Sysdig agents collect and report metrics at 10 second resolution. When displaying a time series chart with 5 minutes or less of time, datapoints are drawn at this 10 second sampling so any time aggregation selections will have no effect. When a larger amount of time is displayed (over 5 min), data points are drawn as an aggregate for an appropriate time interval. For example, looking at a chart that covers 1 hour of time, each datapoint will reflect a one minute interval.
At intervals of 1 minute and above, you can configure your chart to display different aggregates for the 10 second metrics used to calculate each datapoint. By default, the Average aggregation type is used when displaying datapoints for the time interval, but you can also choose to have the highest value of the interval’s samples displayed (Maximum) or the lowest (Minimum). To display the value of all the samples of the interval combined, use Sum as the aggregate type.
For alerts that cover longer stretches of time, time aggregation applies in this same way.
When a metric has been applied to a group of items (hosts, containers), by default metrics are averaged between the members of the group. For example, three hosts report different CPU usage for one sample interval. The three values will be averaged and reported on the chart as a single datapoint for that metric.
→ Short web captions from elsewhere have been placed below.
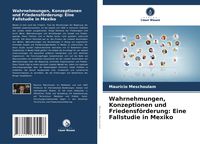 Produktbild: Wahrnehmungen, Konzeptionen und Friedensf&ouml;rderung: Eine Fallstudie in Mexiko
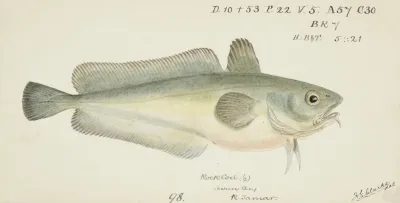 Pseudophycis Barbata Tas Southern Bastard Red Cod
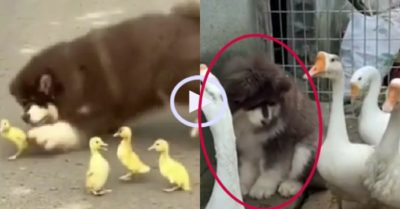 Video: Đàn ngỗng trừng trị chó vì bắt nạt vịt con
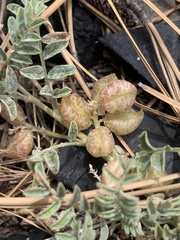 Astragalus lentiginosus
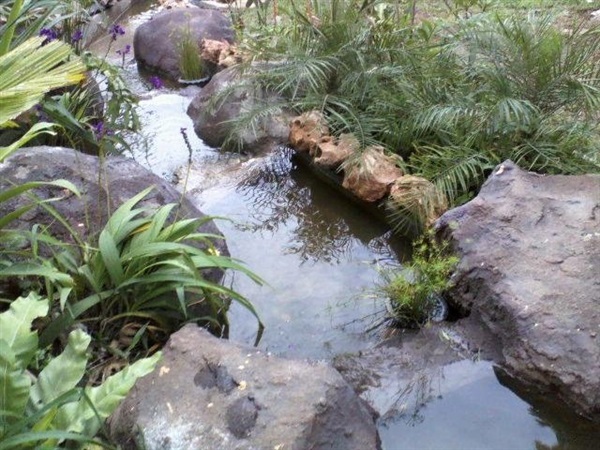 ลำธาร สวนป่า สวนน้ำตก หินเทียม ธารน้ำ ลำธาร | ปิยพัทธ์หญ้าจัดสวน -  กรุงเทพมหานคร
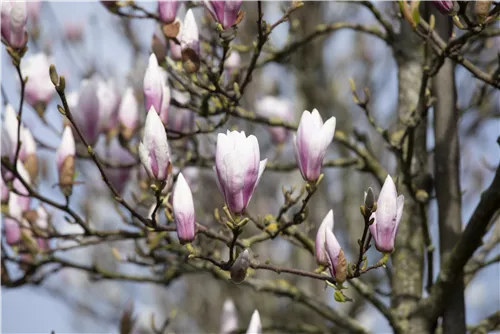 Tulpenmagnolie 'Heaven Scent' - Magnolia soulangiana 'Heaven Scent'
Using the Group Aggregation menu, you can change aggregation between Average, Minimum, Maximum and Sum. If Maximum is selected in the same example above, the highest CPU value of the three hosts would be reported on the chart. To display the total value of the samples taken for all the hosts, select Sum as the Group Aggregation type.
For alerts covering groups of nodes, group aggregation applies in this same way.
In the graphic below, the CPU% metric is applied to the ‘webserver’ group of servers. The top chart shows metrics with Average aggregations for Time and Group. The bottom chart is set to Maximum aggregation for Time and Group:
For each one-minute interval shown on the chart, the bottom chart renders the highest CPU usage value found from the servers in the webserver group and from all of the samples reported during the one-minute interval. Setting a view in this configuration is useful when looking for transient spikes in metrics over long periods of time that would otherwise be missed with averaging.
Note that group aggregation is dependent on the segmentation. If a view is showing metrics for a group of items and the Segment By selection is changed to break out the individual items on the view, the effect will be to nullify the group aggregation setting.